Since they are not rules, not all packs obey to all trends; rather, new packaging decisions should be taken considering which are the trends most coherent with the brand.

New packs are simple, clean, easy to read, because their mission is to simplify consumer choice in points of sales crowded by monumental assortments.

Packaging must convey the authentic soul of the brand; whatever the brand, its pack has to communicate to target customers a sense of warmth, genuineness, even human identity. The pack should tell the story of a slow world, of the human beings who have made the products.

Environmental sustainability has become a must-have in packaging: many products have strongly modified their packaging philosophy, going from abundant packs to reduced packs, from over-packaging to under-packaging, but without giving up communication effectiveness. The use of green materials is a component of this trend, which is named with different labels: eco-sustainability, green marketing, environmentally friendly. The common meaning shared by all these expressions is that packs should inflict minimal or no harm on the environment.

In their shopping decisions, consumers are not looking for many information, but rather for relevant information: besides basic data which help understand the product and its intended use, they want to know what is behind, why the product should be unique, if it is an ethic product. The material, the shape, the colors, images and text printed on the packs should coherently tell the story of the product and of the brand.
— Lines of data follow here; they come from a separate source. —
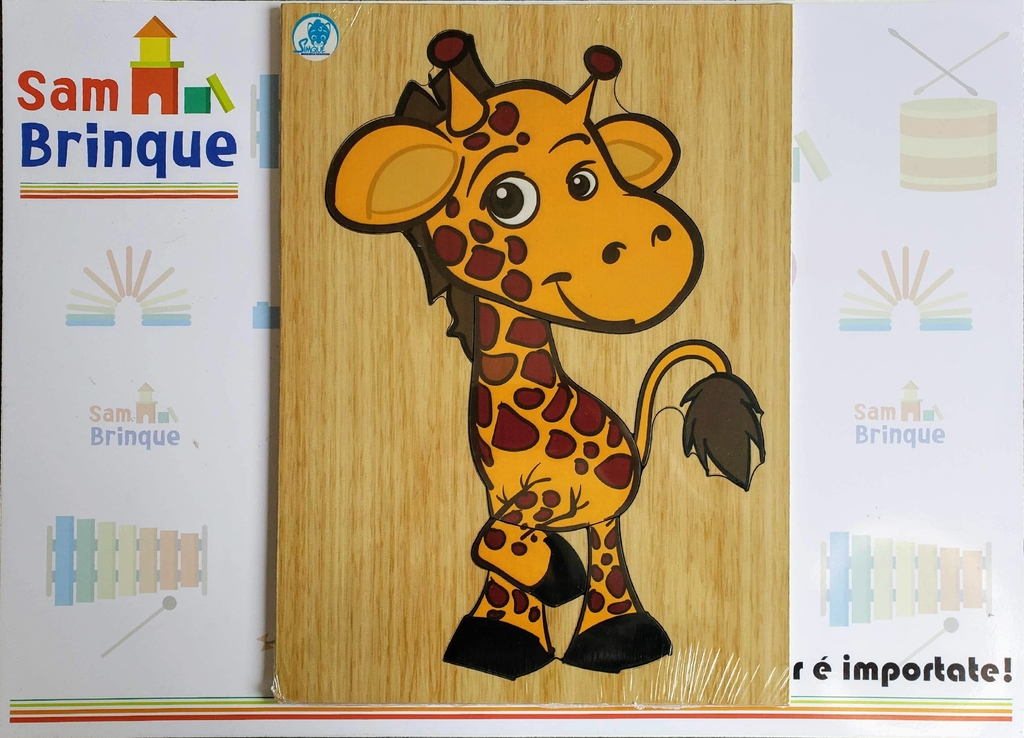 Quebra-Cabeça 1000 Peças - Animais - Girafas - MP Brinquedos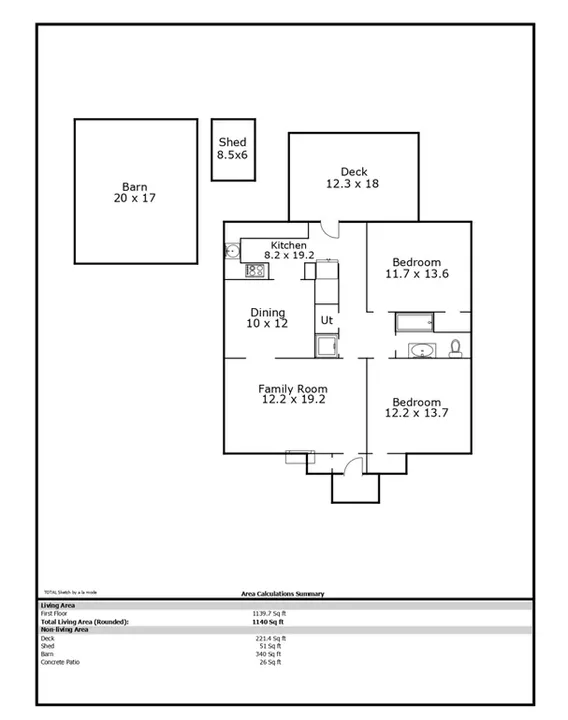 Timeless 1949 Bungalow With LVP Floors and a Backyard Retreat in Wake Forest (With Floor Plan)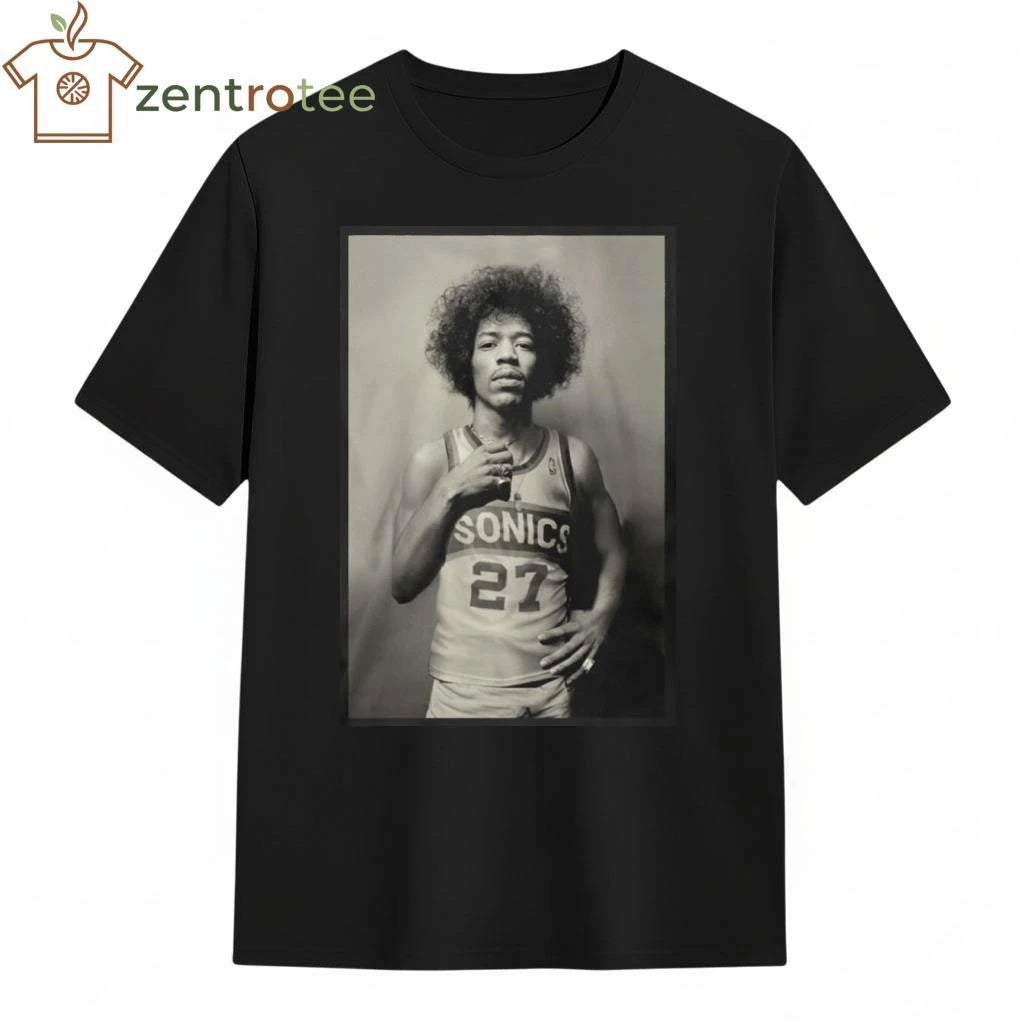Jimi Hendrix Sonics basketball tee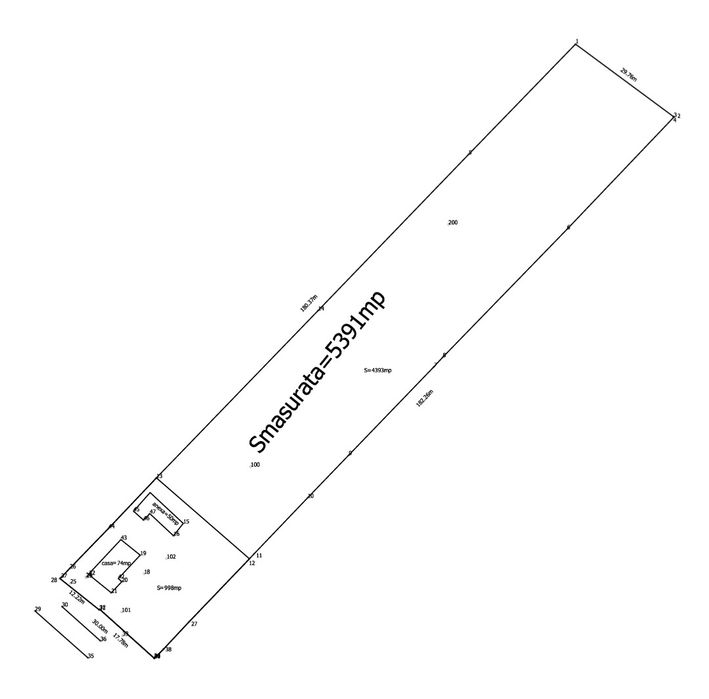 Vânzare teren intravilan la strada principala– Ghercesti, sat Teisani.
Packaging materials are constantly evolving to meet the latest demands of the marketplace, and are gradually absorbing the new technologies of materials, inks, of preserving, shaping, printing. Bio-bottles, biodegradable films, tough bags, digital inking and printing are a few examples of tech innovations that can add value to a pack.

Some brands are going back to the origin of the product and of the brand, and are revisiting its historical  packs in vintage mood. Vintage packs are old and new at the same time, classic and modern, global and local. Vintage packs pair with story-telling, because they implicitly communicate the glorious story of the past and the time resistance of the brand.

Masstige is a portmanteau of the words “mass” and “prestige” to mean the goal of offering prestige or luxury for the masses. Masstige products and packs are perceived premium but attainable, and they have been able to trade off two elements: (1) they are considered luxury or premium products, and (2) their price tier is positioned between mid-market and super premium prices.